I've been playing with this one for the past hour or two, seems adequate to the task, no claims.

http://www.ilevel.com/services/s_forte.aspx


----------



## GBrackins (Oct 21, 2011)

it's a little late, but if you check out pages 11 and 12 of this document it will provide the span tables for ceiling joists based upon live loads for the attic space

http://www.awc.org/pdf/STJR_2005.pdf


----------



## 4thorns (Oct 21, 2011)

I agree with your thoughts o the DA6....to a point. If it's used the way you've stated.  Beyond that it could turn a lot of people into "Engineers" Could be fatal.


----------



## DRP (Oct 22, 2011)

Notice, twice on this thread folks have posted links to joist and rafter info for a girder. It doesn't get much more dangerous than that. A list of calcs for different situations will show that there are indeed different conditions. From there hopefully either someone will use the right calc or realize they need to get someone who can tell the difference. This info is more readily available for engineered wood and steel than solid sawn lumber. The lumber industry doesn't seem to do as good a job promoting the uses of commonly available dimensional wood.


----------



## Sifu (Oct 22, 2011)

I use the Forte program but only for personal use, never to prescribe a size if possible.  That is a job for an engineer.  If the beam can't be figured out from the code tables (which I think are really bad) I also have a great table from an engineer which will give allowable lbs and end reactions for given spans and members  (Uniform loads only) and of course one needs to be sure of how to calculate the tributary loads to begin with.  It stops at 14' so typically if I encounter a beam with much load, greater than 14' it will usually trigger the need for a DP automatically.  Unfortunately I am encountering lots of those spanning over great rooms, used to carry purlins or rafters.  They are allways undersized by at least 50%.


----------



## DRP (Oct 22, 2011)

> They are allways undersized by at least 50%.

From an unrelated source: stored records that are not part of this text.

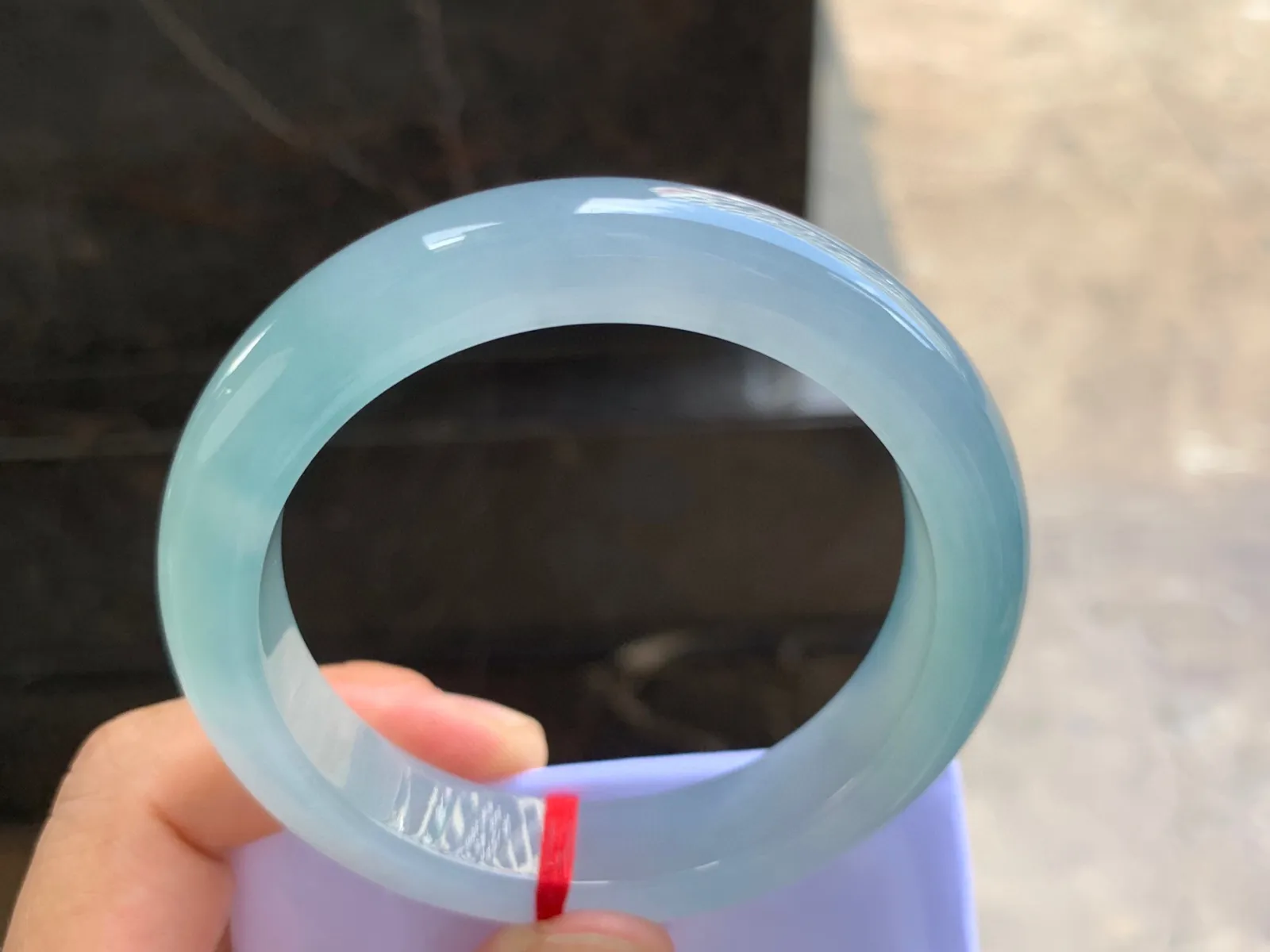 56-12.3-8.7mm
冰种带底色手镯 冰透胶润 底色漂亮 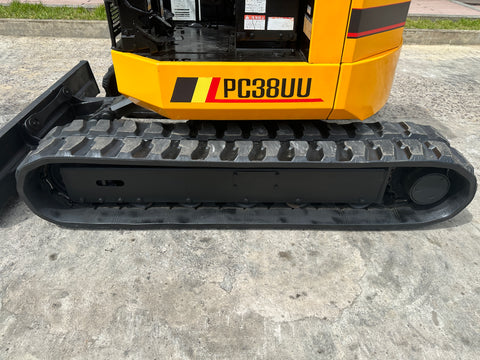 032.02 Komatsu PC38UU Mini Excavator S/N 2226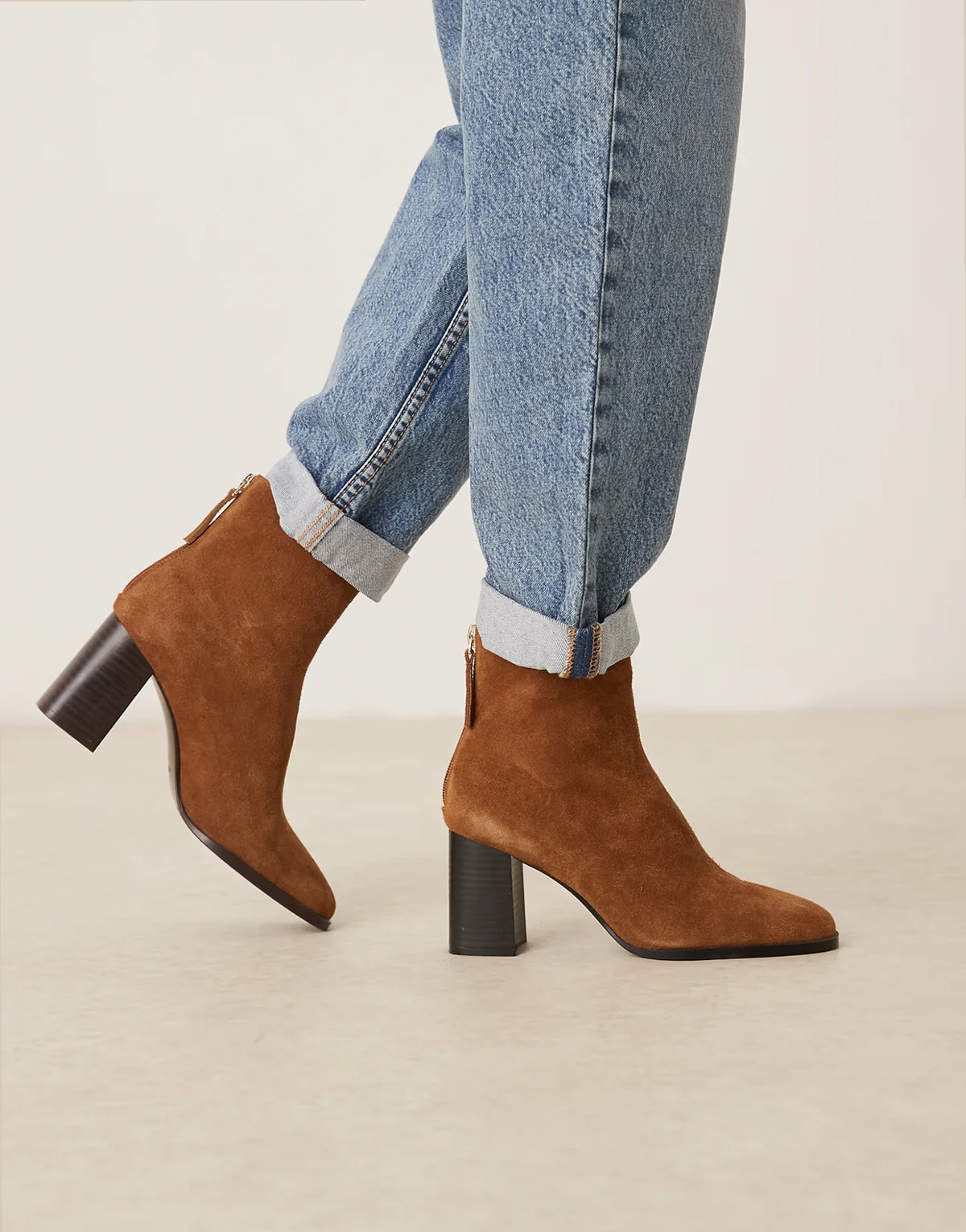 – Cowboy-Stiefeletten in Toffee aus 100% Wildleder mit Absatz und runder Zehenpartie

They are always undersized by what or whom?


----------



## Sifu (Oct 23, 2011)

By the person who decided what beam to use.  Usually the builder.  So far none of the projects here are engineered and the builders are using long length clear span beams, 16' or more to carry too much load based on the uniform design loads.  I have yet to find a 2 ply 2x10 that didn't end up way under-sized for the application after analysis.  I run into the "we've been doing it that way for 30 years" argument every day but unless my calculations are way off the numbers just don't add up.  I wish they would.....my life would be a lot easier.  Unfortunately most of my time is spent trying to teach someone how a beam is sized, what tables to use etc. only to learn they just want someone else to do that for them.


----------



## DRP (Oct 23, 2011)

Most folks are pretty lazy, they don't really want to know how to fish, they'd just as soon you land "that fish" for them. But it is wrong IMO to throw everyone into that bucket. The situation you describe is all too common and I run into it from builder's, designer's and rdp's... part of the reason I like to be able to check. The more we all know the fewer mistakes slip through. Last week I had a conversation with a local builder wanting to replace a 6x16 glulam with a glued and screwed stack of 2x6's to save a few bucks. Happily he was pretty sharp once we talked a little bit. I had to put my foot down hard last year on a designers work. A ridgebeam was req'd and he had way too little up there. When I wouldn't budge he finally called his engineer and it was as I had calculated on my spreadsheet.  This year it was an RDP muffing the roof load, just an oops but what if I hadn't checked it? If the calcs were readily available from a referenced provider it would help.


----------



## TJacobs (Oct 24, 2011)

I agree with DRP...lazy builders not wanting to spend money on rdp, not understanding conventional vs. unconventional, etc.


----------